We’re in our fourth year of a president who the left is reluctant to rebel against even when he abuses their alleged principles. Before that we had eight years of a president who the right was reluctant to rebel against even when he abused their alleged principles. With Romney we finally have the possibility of a president both the left and the right can hate: a man who may be inclined to continue the worst Bush/Obama policies, but who at least will be easier to organize against. I’d rather have Rand Paul leading the right flank of the anti-Romney revolt than being used to keep the remnants of the Tea Party movement in line.
So please don’t pick Paul, Gov. Romney. Pick a party hack, a Joe Biden of the right: a living reminder to the angry grassroots that they do not and should not trust you.
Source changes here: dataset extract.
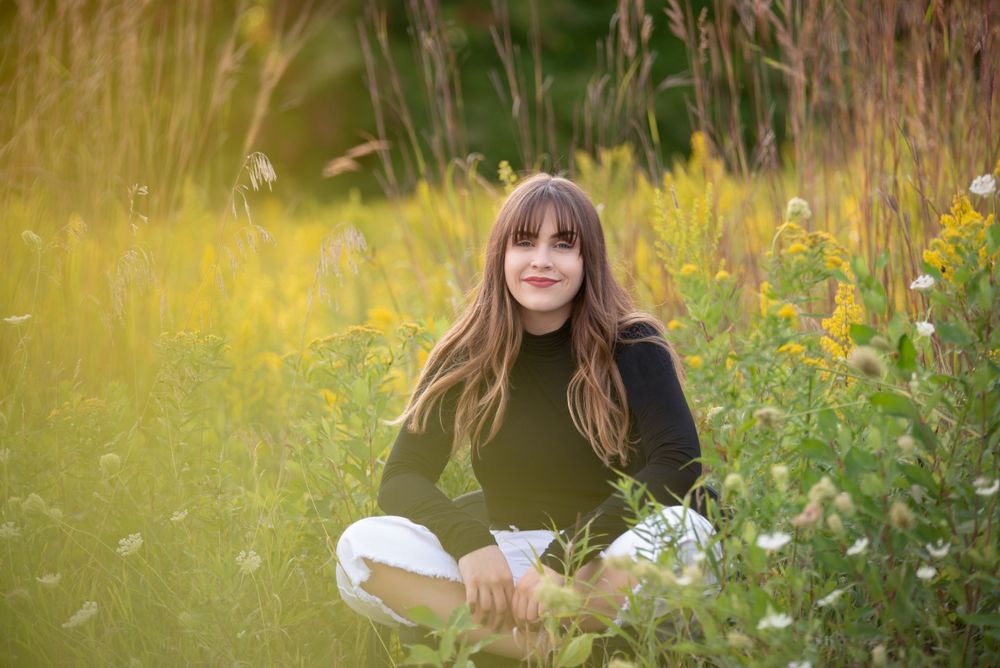 Portrait session in field of wildflowers during golden hour.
I can agree with that. I’ve touched on Sen. Paul’s prospects before, noting that he is still green and probably should wait until at least 2016 before he seriously considers offers such as this. But from a political perspective, Sen. Paul doesn’t really offer much to Romney. Yes, he is a voice for free markets and would appeal to Tea Party voters, but others, like Marco Rubio would do that as well. Moreover, Rubio’s views, including foreign policy, are more in line with traditional conservatism. Sen. Paul will always be suspect on that issue because of his father, whom I often agree with.
It’s hard to see this happening based on those couple of points. Sen. Paul will no doubt, as Walker says, keep Romney accountable in the Senate should he win the election this fall. That’s really what we need right now.